Intel recently released the 38th version of the ISA instruction set extension, confirming a very strange configuration: an important instruction set added in the 14nm era, but once disappeared into 10nm, waiting until the second generation returned. This is AVX512_BF16, a vector neural network instruction that supports the bfloat16 (BF16) format.

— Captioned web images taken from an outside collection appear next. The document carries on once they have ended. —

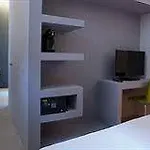 Urben Suites Apartment Design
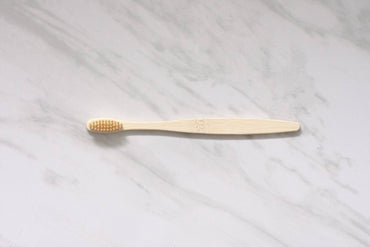 Basco Bamboo Oral Brush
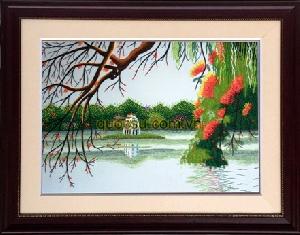 Hồ Gươm 1 - RL-001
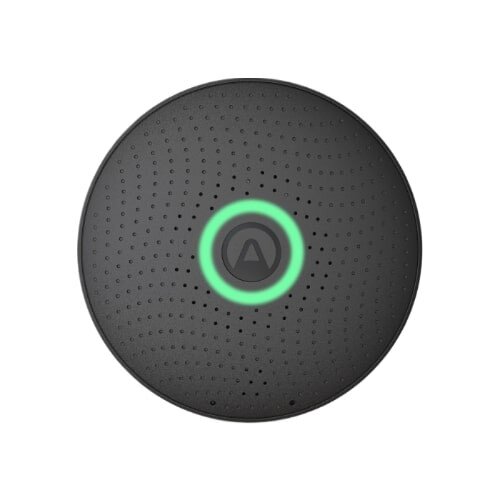 AirThings Wave Plus Smart Indoor Air Quality and Radon Monitor - Limited Edition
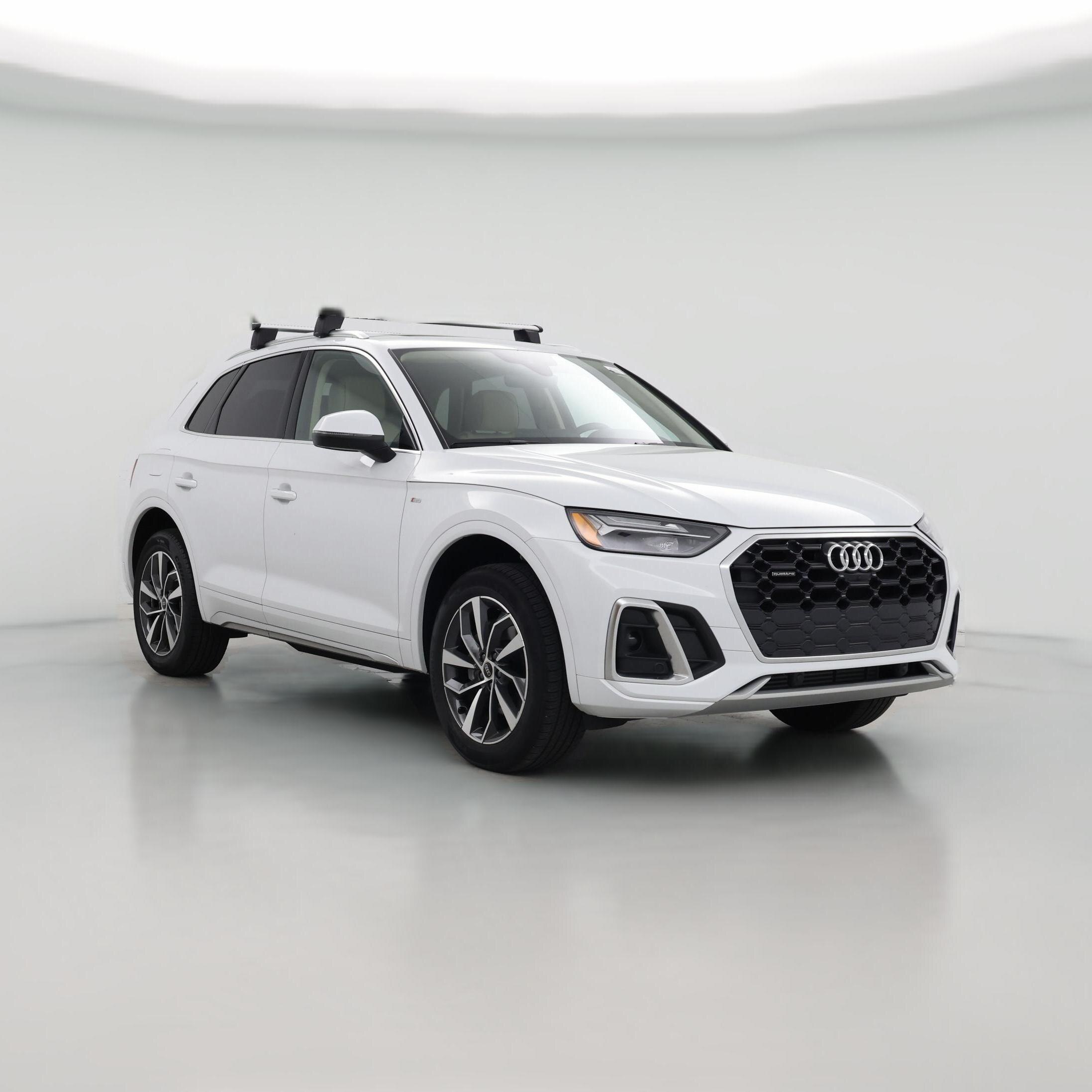 Thumbnail: 2024 Audi Q5 - 1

This format is between the standardized half-precision FP16 and single-precision FP32 formats, which can reduce the accuracy of the 16-bit space to obtain a larger numerical space, store more data in memory, reduce the time of data in and out of space, but also reduce the complexity of the circuit, and ultimately lead to higher computing speed.
This format has become the de facto standard for deep learning, supported by Google TPU and Intel FPGA/Neural Network processors, and Cooper Lake, which will be delivered in the first half of this year, will introduce it to the Xeon product line for the first time.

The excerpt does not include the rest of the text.